Here is another one:
http://www.rocketroberts.com/cm4251/images/alderman_uhf.jpg

Apparently parabolic UHF antennas work quite well.

Channel Master 4251 Tribute Page


The 7 foot parabolic UHF antenna is about the best you can get for gain. It works on the same theory as our satellite dishes do. Except of reflecting to the LNB it reflects to the driven elements (2 Bowtie's used on that thing)

Back in the 70's they were use on bars with tall towers to get the football and hockey games that were blacked out locally. The other option they used was stacked Yagi's but the parabolic dish was still better.
 
My house came with one of the Channel Master parabolics and it is a GREAT antenna! I've seen that tribute page before and some of the stuff people do is crazy. Making an array with 4 or 6 of 'em........and folks think a BUD is ugly!

I worked with them quite a bit because in our rural areas all that was available was C-Band or UHF. The parabolic antennas were less money than a BUD so there were many many of them.
 
up by our cabin I see a bunch of them on bars & hotels. At the time the only TV stations around there were low powered translator stations you see 2 or 3 of them set up (since the translator stations were in different directions)

next time I'm up there I'll take a couple pics
 
I was going to mention the legendary channel master 4251. parabolic kicks tail on UHF.
Its actually a nice idea. You still need the uhf yagi's reflector to prevent multipath problems.

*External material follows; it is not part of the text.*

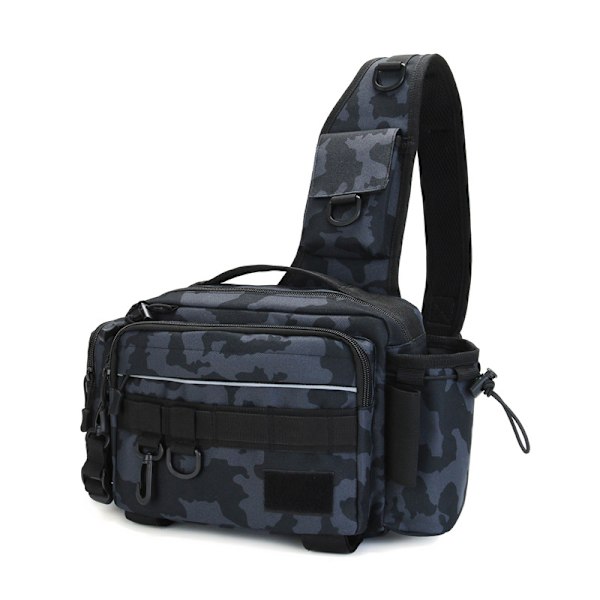 Multifunktionell lutande axelväska för fiske Scorpio Camo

the old venerable 4251 has a oven rack looking grid over the driven elements that only let the it see the parabolic grid. a lot of tv dx'ers use the 4251's that still exist.
 
Well I've come up with another good use for the eight and ten foot reflectors so at least they not heading to the scrap yard. There going to be used as covers for some of my garden plants next year so I don't have to use any chemicals on them.
 
oh yeah they work for UHF , tell me about it. a home made version of the channel master 2 meter parabolic reflector (I found out it was a channel master after I came to canada) plus a 3 stage low noise also home made (High Ft , low noise transistors bought in miami , fla) pre-amplifier with a run of RG-59 (or a russian made coaxial with very itchy fiber glass depending whether a friend of yours was in the cuban army or not) became very popular for a few years before I left 7 years ago. Univision and Telemundo stations broadcasting from Miami , 180 miles away, became the new "cuban tv" in my neighborhood in Cojimar (Remember The Old Man and the Sea by Ernest Hemingway novel based on a fisherman's life in my hometown?). With only a minor fading for 2 seconds or less and just a few days through out the year you could follow the sopa operas and spanish news and even the Florida Marlins on the Miami CH 33 UPN affiliate when they started every single day (not the marlins , only when they broadcasted it obviously). Before, the stacked yagis or single high gain yaguis or any other antenna-booster combination would give you reception throughout the year (thankls mostly to the summer like caribbean weather and thus to the tropospheric duct) but never reliably and consistently every day even during the winter months like with the big monster 2 meter parabolic reflector.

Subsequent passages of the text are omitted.